A school's culture is a combination of countless attributes that create the school's "experience." It is largely defined by what is important to the student body. It encompasses their principles, outlook, and behaviors. It includes the traditions of the school, what and how the school celebrates, and what is accepted by the majority as the norm. It influences all aspects of student life within the school community, including the character of individual students as well as the social and academic components of school life.
All too often, school culture is left to develop on its own. The students determine among themselves what's important and what's not. School rules affect it, but culture can also be purposefully crafted, influenced, and improved upon through the efforts of staff members.
If your school culture needs improvement, there are certain steps you should take. Changing the culture of a school requires a sustained effort. After identifying areas for improvement, teachers must find ways to influence thought patterns, decision making, and habits by creating or strengthening choices for students to make. They must repeatedly put positive choices before students; eventually students will begin to embrace these new ideas, and the culture of the school will evolve.
In an effort to create more positive, helpful, and cooperative students, schools can increase opportunities for students to serve others. Try adding community service opportunities (or even requirements) to certain classes, programs, or athletic activities. You could organize a blood drive during the school day, hold a food and clothing drive for local families in need, or host a weeklong awareness event for a deserving nonprofit organization.

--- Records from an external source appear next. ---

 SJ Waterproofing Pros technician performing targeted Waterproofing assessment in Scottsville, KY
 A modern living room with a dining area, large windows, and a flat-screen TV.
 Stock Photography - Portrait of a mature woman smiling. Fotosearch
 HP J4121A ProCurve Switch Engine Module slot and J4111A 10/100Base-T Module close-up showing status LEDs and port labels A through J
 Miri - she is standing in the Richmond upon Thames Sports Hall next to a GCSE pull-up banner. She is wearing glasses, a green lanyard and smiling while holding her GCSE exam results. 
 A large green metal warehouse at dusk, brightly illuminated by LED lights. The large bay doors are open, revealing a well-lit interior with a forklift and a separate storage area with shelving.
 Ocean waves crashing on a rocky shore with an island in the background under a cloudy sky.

There are also ways to create a kinder culture. Create a student group focused on tolerance. Develop a Random Acts of Kindness Week. Organize a "Mix It Up Day" to encourage students to sit with new people at lunch. Celebrate the diversity found within your school through displays of fashion, music, art, or dance. Add elements of fun or humor to school assemblies to lighten the mood and put smiles on faces. You could even host a student-teacher talent show. Remind students and staff that you're all in this together, so you should enjoy one another's company!

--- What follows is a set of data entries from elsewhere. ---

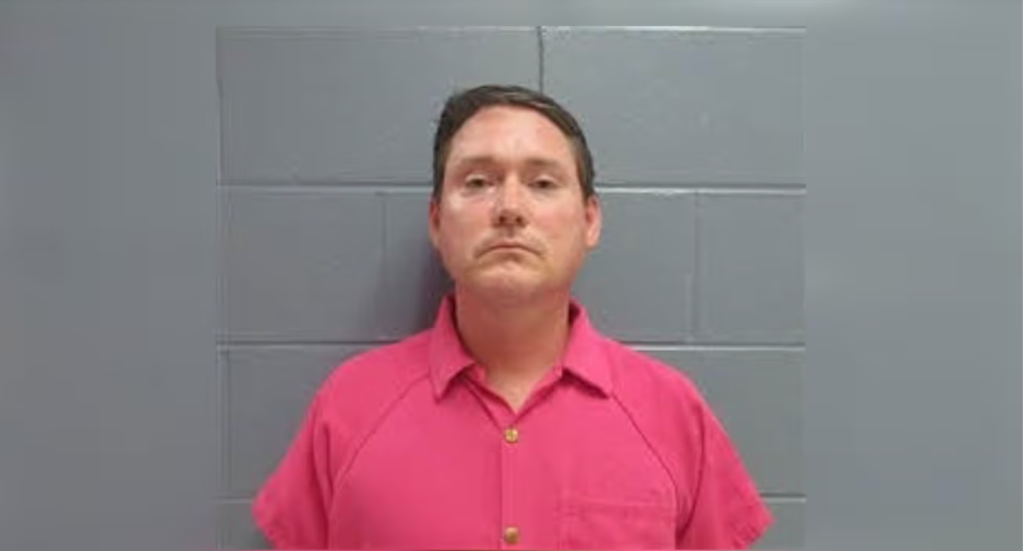 A man wearing a pink shirt standing in front of a gray tiled wall.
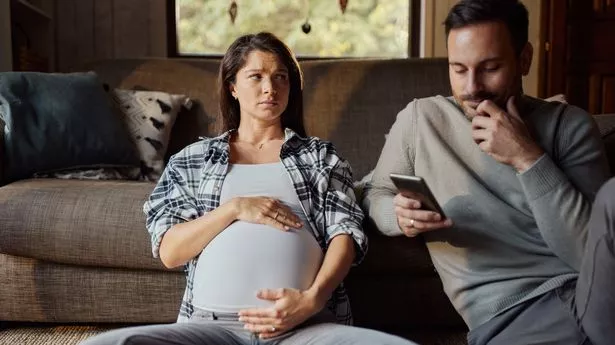 Depressed pregnant woman looking at her husband who is text messaging on cell phone at home.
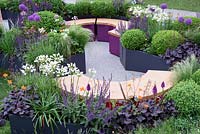 The Urban Connection Garden. Oak Top semi circular seats surrounded by extensive planting in containers. The RHS Chelsea Flower Show 2016, Designer: Lee Bestall Sponsors: Victoria Business Improvement District
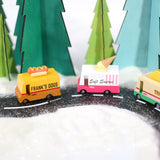 3 Candylab handmade wooden toy trucks driving on a toy road in a snowy Winter scene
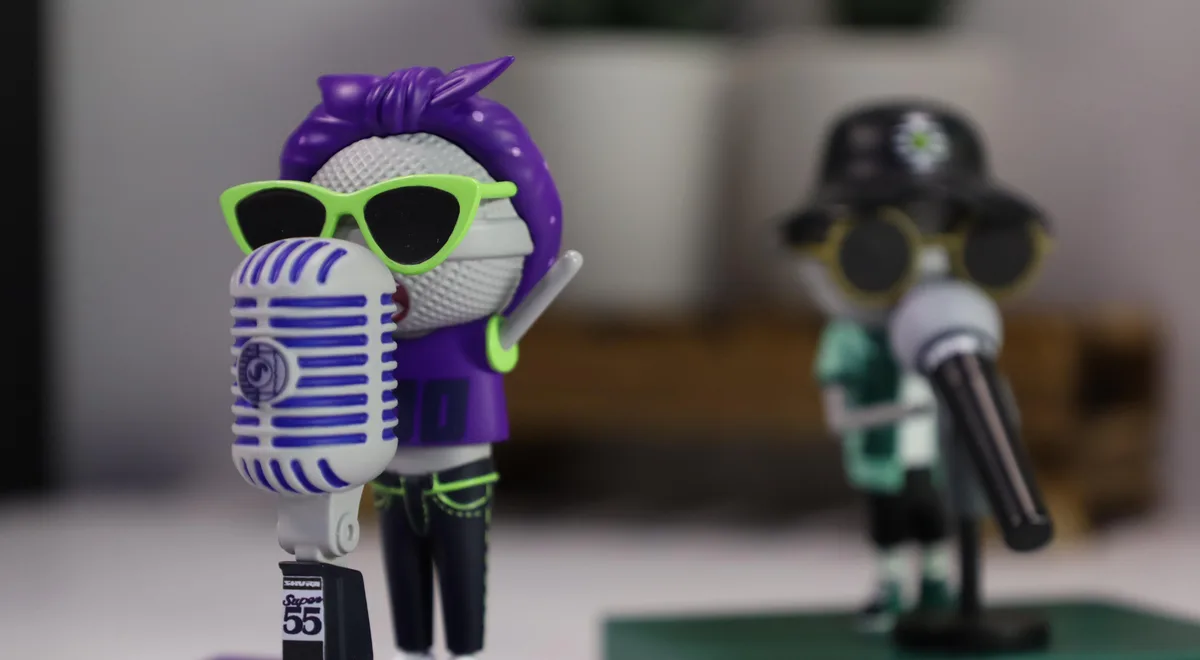 Stylised character figurines with Shure retro microphones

You can also influence academic attitudes and habits to improve the school's culture. Successful students can mentor freshmen that need extra support during a weekly check-in. Host a study party before midterms where students can prepare for exams in a relaxed but productive atmosphere, or organize a workshop to teach kids effective note-taking and organizational skills. Develop a system of interventions that can become part of the natural progression of the school day for students who require extra assistance. Coaches can create team study halls to stress the point that academics come first. You can also institute recognition systems that celebrate students who are improving as well as the best-performing students.

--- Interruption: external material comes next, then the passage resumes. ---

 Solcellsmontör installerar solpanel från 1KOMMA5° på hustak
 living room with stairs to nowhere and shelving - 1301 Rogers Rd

School culture can encourage or inhibit active students; it can make a student feel welcome or intimidated; and it can encourage or quash academic motivation. As teachers, we have the opportunity to foster positive changes to the everyday experience in our schools. Investing time in improving school culture is worth the effort.
Brad Kuntz teaches Spanish and environmental leadership at Gladstone High School in Gladstone, Ore., and is a 2011 winner of ASCD's Outstanding Young Educator Award.